- **DATA SHOWN**:
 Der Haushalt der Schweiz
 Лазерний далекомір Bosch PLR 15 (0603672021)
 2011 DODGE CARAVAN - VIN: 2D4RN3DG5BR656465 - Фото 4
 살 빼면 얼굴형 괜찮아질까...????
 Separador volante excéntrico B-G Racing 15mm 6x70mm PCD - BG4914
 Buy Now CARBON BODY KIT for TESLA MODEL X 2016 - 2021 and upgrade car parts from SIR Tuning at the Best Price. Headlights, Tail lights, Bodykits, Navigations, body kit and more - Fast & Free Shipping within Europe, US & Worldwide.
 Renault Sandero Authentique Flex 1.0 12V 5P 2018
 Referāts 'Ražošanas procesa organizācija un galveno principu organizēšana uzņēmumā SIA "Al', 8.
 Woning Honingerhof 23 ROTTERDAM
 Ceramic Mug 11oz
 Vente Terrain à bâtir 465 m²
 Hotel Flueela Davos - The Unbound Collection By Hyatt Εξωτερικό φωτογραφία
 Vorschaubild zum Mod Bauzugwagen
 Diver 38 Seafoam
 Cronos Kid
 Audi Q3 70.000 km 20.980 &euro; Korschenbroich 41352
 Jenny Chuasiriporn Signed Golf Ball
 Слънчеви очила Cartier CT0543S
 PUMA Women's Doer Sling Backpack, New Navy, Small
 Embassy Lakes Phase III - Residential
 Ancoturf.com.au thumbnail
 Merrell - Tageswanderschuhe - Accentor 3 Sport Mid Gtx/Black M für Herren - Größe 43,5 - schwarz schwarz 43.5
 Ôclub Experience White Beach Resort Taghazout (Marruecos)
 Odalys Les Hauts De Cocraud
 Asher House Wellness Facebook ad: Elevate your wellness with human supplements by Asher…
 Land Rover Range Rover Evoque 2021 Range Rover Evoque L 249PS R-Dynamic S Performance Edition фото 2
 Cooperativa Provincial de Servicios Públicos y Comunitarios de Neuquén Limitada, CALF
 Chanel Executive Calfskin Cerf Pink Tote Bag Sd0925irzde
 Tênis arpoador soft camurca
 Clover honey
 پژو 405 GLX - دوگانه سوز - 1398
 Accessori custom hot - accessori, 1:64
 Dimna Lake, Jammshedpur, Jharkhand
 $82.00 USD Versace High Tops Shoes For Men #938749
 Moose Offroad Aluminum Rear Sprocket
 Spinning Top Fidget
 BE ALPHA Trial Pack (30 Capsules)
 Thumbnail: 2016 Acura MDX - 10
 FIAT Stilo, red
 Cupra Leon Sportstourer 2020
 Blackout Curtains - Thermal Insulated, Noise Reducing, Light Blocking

- **PROBLEM DESCRIPTION**: The data above is to be returned exactly, with nothing altered.

- **RESPONSE TO THIS TASK**:
 Der Haushalt der Schweiz
 Лазерний далекомір Bosch PLR 15 (0603672021)
 2011 DODGE CARAVAN - VIN: 2D4RN3DG5BR656465 - Фото 4
 살 빼면 얼굴형 괜찮아질까...????
 Separador volante excéntrico B-G Racing 15mm 6x70mm PCD - BG4914
 Buy Now CARBON BODY KIT for TESLA MODEL X 2016 - 2021 and upgrade car parts from SIR Tuning at the Best Price. Headlights, Tail lights, Bodykits, Navigations, body kit and more - Fast & Free Shipping within Europe, US & Worldwide.
 Renault Sandero Authentique Flex 1.0 12V 5P 2018
 Referāts 'Ražošanas procesa organizācija un galveno principu organizēšana uzņēmumā SIA "Al', 8.
 Woning Honingerhof 23 ROTTERDAM
 Ceramic Mug 11oz
 Vente Terrain à bâtir 465 m²
 Hotel Flueela Davos - The Unbound Collection By Hyatt Εξωτερικό φωτογραφία
 Vorschaubild zum Mod Bauzugwagen
 Diver 38 Seafoam
 Cronos Kid
 Audi Q3 70.000 km 20.980 &euro; Korschenbroich 41352
 Jenny Chuasiriporn Signed Golf Ball
 Слънчеви очила Cartier CT0543S
 PUMA Women's Doer Sling Backpack, New Navy, Small
 Embassy Lakes Phase III - Residential
 Ancoturf.com.au thumbnail
 Merrell - Tageswanderschuhe - Accentor 3 Sport Mid Gtx/Black M für Herren - Größe 43,5 - schwarz schwarz 43.5
 Ôclub Experience White Beach Resort Taghazout (Marruecos)
 Odalys Les Hauts De Cocraud
 Asher House Wellness Facebook ad: Elevate your wellness with human supplements by Asher…
 Land Rover Range Rover Evoque 2021 Range Rover Evoque L 249PS R-Dynamic S Performance Edition фото 2
 Cooperativa Provincial de Servicios Públicos y Comunitarios de Neuquén Limitada, CALF
 Chanel Executive Calfskin Cerf Pink Tote Bag Sd0925irzde
 Tênis arpoador soft camurca
 Clover honey
 پژو 405 GLX - دوگانه سوز - 1398
 Accessori custom hot - accessori, 1:64
 Dimna Lake, Jammshedpur, Jharkhand
 $82.00 USD Versace High Tops Shoes For Men #938749
 Moose Offroad Aluminum Rear Sprocket
 Spinning Top Fidget
 BE ALPHA Trial Pack (30 Capsules)
 Thumbnail: 2016 Acura MDX - 10
 FIAT Stilo, red
 Cupra Leon Sportstourer 2020
 Blackout Curtains - Thermal Insulated, Noise Reducing, Light Blocking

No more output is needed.